The Fountain of Love
Jean-Honore Fragonard
Date: c.1785
Style: Rococo
Genre: allegorical painting
Media: oil, canvas
Dimensions: 63.5 x 50.7 cm


The melting chiaroscuro and classical figures contrast with Fragonard's earlier cheerful informality and anticipate the classicism which came to dominate French painting in the 1790s.


The painting is part of a group of allegorical depictions of love, painted by Fragonard in the 1780s. Another version of the same composition, begun before P394, is at the Getty Museum, Los Angeles. A print by Nicolas François Regnault after the composition appeared in 1785 and seems to have used both versions as models. It therefore provides a terminus ante quem for the paintings. Technical evidence suppoorts the idea that they were painted at the same time. A smaller oil sketch for the composition is in a private collection. The two main versions are strikingly different in their mood and style - the Wallace Collection painting more neo-classical, the Getty version more Rococo. It is typical for Fragonard that he chose to switch between different styles at the same time of his career. 
The scene depicts love as a natural force and uncontrollable passion, stronger than the people affected by it. This perception of love was still recent around 1785 when Fragonard painted the two versions.While the image of a fountain of love was known, e. g. from Ariost, the image is Fragonard's pictorial invention without a direct literary source.

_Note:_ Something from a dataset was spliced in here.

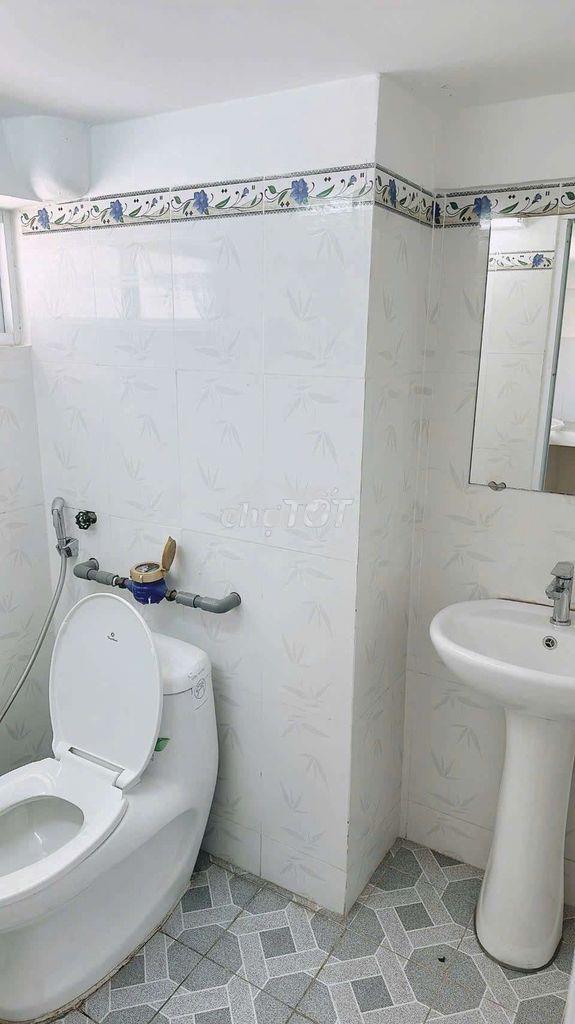 Nhà thành phố thủ dầu một, giá 206 triệu /1 căn - 2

An allegory on the theme of love. This painting has a riveting sense of drama, heightened contrasts of light and shadow, and a restricted palette redolent of nocturnal mystery—characteristics that indicate a new Romantic sensibility. Fragonard's intimate allegories are among the earliest and most eloquent expressions of a new vision of romantic love as an all-consuming experience of near-mystical communion—a vision that was worlds apart from the blithe, libertine spirit of the Rococo era.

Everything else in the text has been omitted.